→ **INSTRUCTIONS TO FOLLOW**
Please quote exactly the lines below from the line containing "Used Mazda CX-7" to the line containing "Maasai Fleece Blanket / 5*6 Fleece Blanket", both lines included, and nothing else.

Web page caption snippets
------
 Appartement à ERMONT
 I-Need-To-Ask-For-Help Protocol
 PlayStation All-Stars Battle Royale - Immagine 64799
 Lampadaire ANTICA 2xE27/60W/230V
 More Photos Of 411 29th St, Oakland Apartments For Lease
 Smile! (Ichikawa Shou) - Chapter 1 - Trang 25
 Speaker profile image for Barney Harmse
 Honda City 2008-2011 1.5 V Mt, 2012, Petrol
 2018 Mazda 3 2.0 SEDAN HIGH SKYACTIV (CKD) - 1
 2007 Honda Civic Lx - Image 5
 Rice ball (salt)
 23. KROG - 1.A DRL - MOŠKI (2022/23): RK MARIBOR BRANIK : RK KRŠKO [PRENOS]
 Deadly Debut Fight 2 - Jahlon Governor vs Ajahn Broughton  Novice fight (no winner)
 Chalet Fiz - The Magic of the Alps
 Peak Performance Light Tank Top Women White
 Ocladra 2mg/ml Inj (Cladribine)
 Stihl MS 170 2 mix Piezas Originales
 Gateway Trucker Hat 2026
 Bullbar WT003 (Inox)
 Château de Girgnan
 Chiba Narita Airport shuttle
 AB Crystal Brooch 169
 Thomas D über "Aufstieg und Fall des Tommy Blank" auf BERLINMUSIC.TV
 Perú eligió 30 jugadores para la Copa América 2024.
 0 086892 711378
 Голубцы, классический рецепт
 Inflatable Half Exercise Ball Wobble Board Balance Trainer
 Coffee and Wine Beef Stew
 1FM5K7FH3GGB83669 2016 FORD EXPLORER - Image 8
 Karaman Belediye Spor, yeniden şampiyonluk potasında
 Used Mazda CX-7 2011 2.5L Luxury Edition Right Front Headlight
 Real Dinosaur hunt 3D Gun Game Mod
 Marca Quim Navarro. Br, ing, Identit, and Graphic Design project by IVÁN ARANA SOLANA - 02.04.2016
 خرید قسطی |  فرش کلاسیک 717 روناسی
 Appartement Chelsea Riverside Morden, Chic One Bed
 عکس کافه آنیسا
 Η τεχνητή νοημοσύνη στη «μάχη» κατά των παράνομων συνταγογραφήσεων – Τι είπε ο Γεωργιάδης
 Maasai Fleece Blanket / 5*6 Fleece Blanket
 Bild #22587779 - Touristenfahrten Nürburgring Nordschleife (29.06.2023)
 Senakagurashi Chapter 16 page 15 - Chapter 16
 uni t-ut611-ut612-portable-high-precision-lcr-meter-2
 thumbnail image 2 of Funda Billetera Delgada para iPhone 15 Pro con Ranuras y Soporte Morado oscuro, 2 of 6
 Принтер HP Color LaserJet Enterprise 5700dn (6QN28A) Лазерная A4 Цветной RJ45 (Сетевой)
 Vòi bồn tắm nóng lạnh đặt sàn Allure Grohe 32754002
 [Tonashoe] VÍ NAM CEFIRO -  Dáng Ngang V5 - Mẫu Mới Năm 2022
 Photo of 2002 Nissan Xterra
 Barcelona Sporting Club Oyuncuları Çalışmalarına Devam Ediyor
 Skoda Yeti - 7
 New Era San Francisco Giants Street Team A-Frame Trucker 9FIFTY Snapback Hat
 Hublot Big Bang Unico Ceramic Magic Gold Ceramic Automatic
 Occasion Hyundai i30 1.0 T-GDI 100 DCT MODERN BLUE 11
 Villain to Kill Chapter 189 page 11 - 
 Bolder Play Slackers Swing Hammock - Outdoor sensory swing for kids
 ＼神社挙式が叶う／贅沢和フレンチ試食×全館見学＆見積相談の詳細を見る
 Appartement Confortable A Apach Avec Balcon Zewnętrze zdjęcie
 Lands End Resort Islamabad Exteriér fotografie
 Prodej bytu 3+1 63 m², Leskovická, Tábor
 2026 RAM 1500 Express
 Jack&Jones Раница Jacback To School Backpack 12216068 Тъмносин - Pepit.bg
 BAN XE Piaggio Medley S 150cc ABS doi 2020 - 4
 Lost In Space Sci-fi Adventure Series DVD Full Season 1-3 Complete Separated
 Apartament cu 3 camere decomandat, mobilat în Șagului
------
→ **FINAL ANSWER**
 Used Mazda CX-7 2011 2.5L Luxury Edition Right Front Headlight
 Real Dinosaur hunt 3D Gun Game Mod
 Marca Quim Navarro. Br, ing, Identit, and Graphic Design project by IVÁN ARANA SOLANA - 02.04.2016
 خرید قسطی |  فرش کلاسیک 717 روناسی
 Appartement Chelsea Riverside Morden, Chic One Bed
 عکس کافه آنیسا
 Η τεχνητή νοημοσύνη στη «μάχη» κατά των παράνομων συνταγογραφήσεων – Τι είπε ο Γεωργιάδης
 Maasai Fleece Blanket / 5*6 Fleece Blanket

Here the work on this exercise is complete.